In regards to Claim 14, Donderici in view of Shelhamer teaches the system of Claim 13, and Donderici and Shelhamer further teach wherein the first time for generating the first prediction is indicative of current availability of computational resources of the processor of the SDC (Donderici, Para. 0027, 0035, 0040, 0133, 0137-0138 – wherein machine learning model may select a compute path based on the “desired reaction time” to “achieve a more predictable/stable processing time and/or latency/delay” to achieve a “reduction in compute” and thus “consume less compute”, or resources; Shelhamer, Para. 0029, 0032, 0045, 0051-0052, 0073, 0088 – employing a “time threshold” for “predictions of objects portrayed in the digital images” based on “computation budget”).

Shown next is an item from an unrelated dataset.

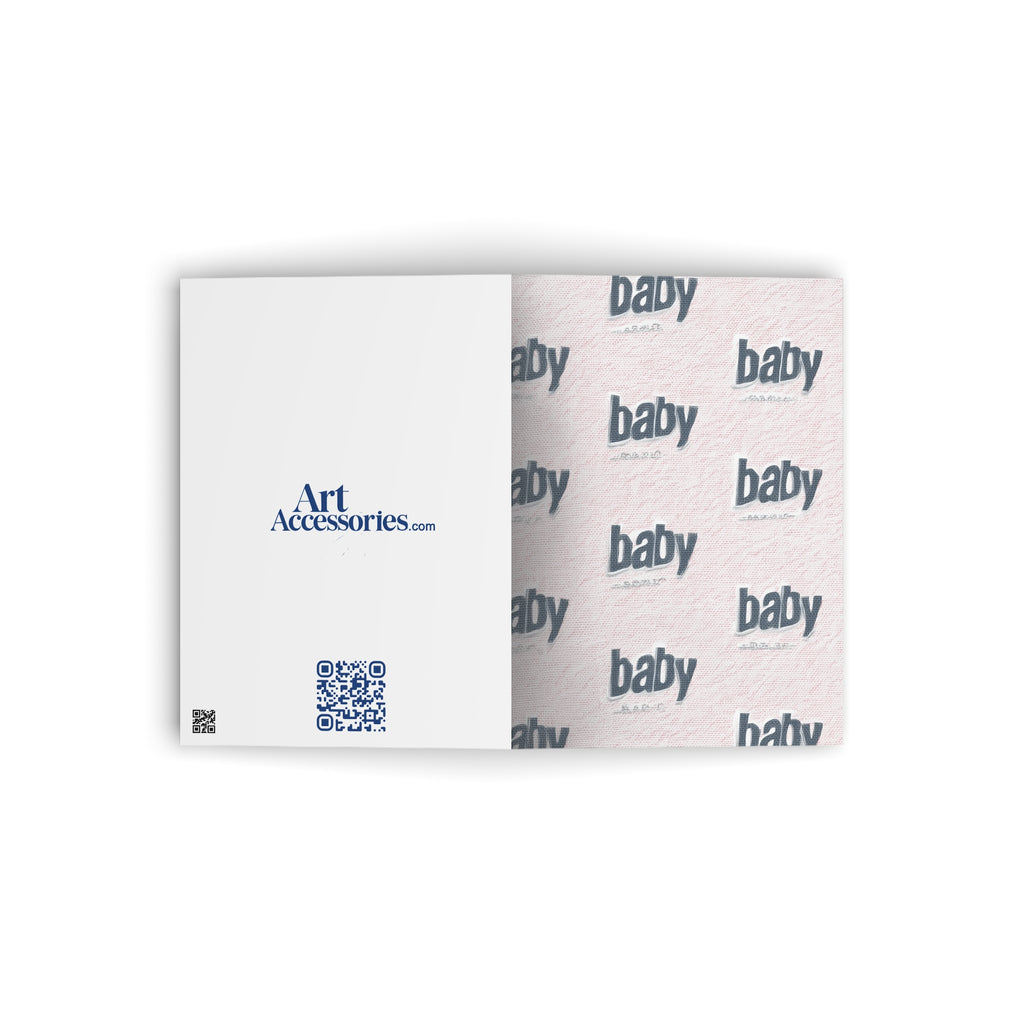 Baby Pattern Greeting Card — Cute Repeating “baby” Design for Baby Showers & Newborn Congrats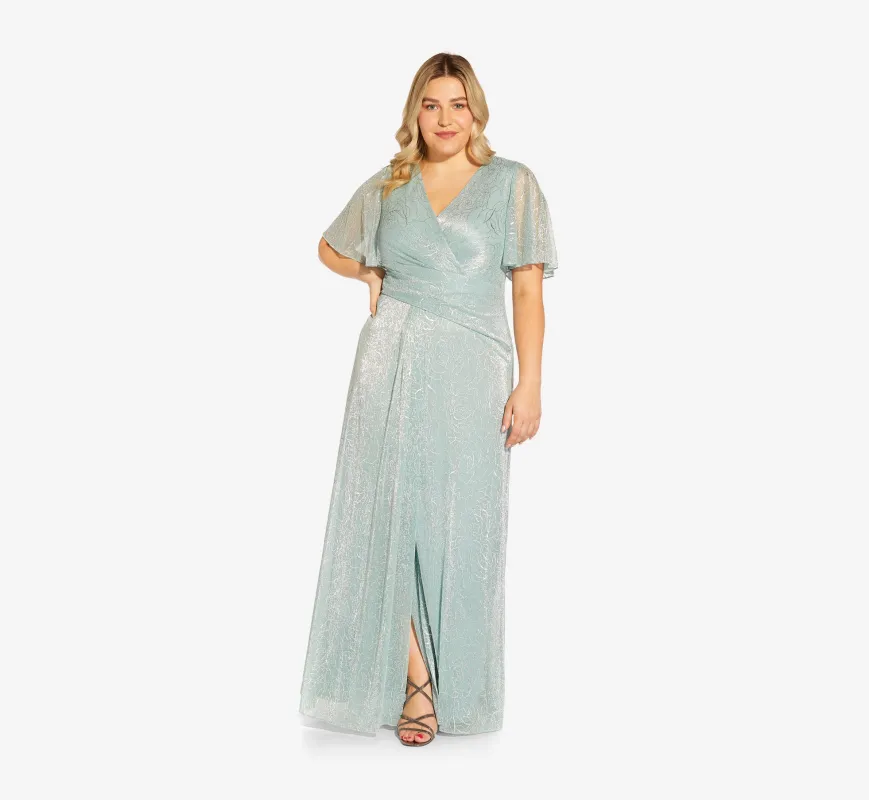 Plus Size Metallic Mesh Draped Gown In Sea Glass sold by Adrianna Papell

In regards to Claim 15, Donderici in view of Shelhamer teaches the system of Claim 13, and Donderici further teaches wherein the at least one processor (Donderici, Para. 0047 – “one or more processors”) further causes the system to train each one of the plurality of ML models (Donderici, Para. 0055 and 0059 – “AI/ML platform 154 can provide the infrastructure for training and evaluating machine learning algorithms for operating the AV 102”), by:
generating a training set of data comprising a plurality of training digital objects, a given one of which includes: (i) training sensed data representative of training surroundings of the SDC; and (ii) a respective label representative of the object class and location of at least one training object in the training surrounding of the SDC (Donderici, Para. 0071-0072 – “training data that includes images and/or labels”, for example “each training image having a label indicating the classes of the one or more objects or features in each image (e.g., indicating to the network what the objects are and what features they have)”); and
feeding the training data to the plurality of ML models (Donderici, Para. 0071-0072 – “the neural network can be trained using training data”), the feeding comprising:
to the first ML model of the plurality of ML models, feeding the training data (Donderici, Fig. 5 and Para. 0066-0072 – “the neural network 210 can be trained using training data”, where neural network 210 is an exemplary neural network; for example “neural network 502” can be trained using training data);
to the given sequential ML model following the first ML model, feeding, by the processor: (i) the training data and (ii) a respective training prediction generated by an ML model preceding the given sequential one (Donderici, Fig. 5 and Para. 0071-0072, 0119, 0134 – neural network 510, which is placed successively after neural network 502 as shown in Fig. 5, “can be trained using a cluster of scene features determined and/or processed by the neural network model 502”, i.e. “an output of the neural network model 502” in addition to “a training dataset” cited above); and
optimizing, for each one of the plurality of ML models, a respective difference between the respective training prediction thereof and the respective label, thereby training each one of the plurality of ML models to detect the objects on the surroundings of the SDC (Donderici, Para. 0071-0077 – wherein the “goal of training is to minimize the amount of loss so that the predicted output is the same as the training label” in order to accurately determine “objects or features in each image”).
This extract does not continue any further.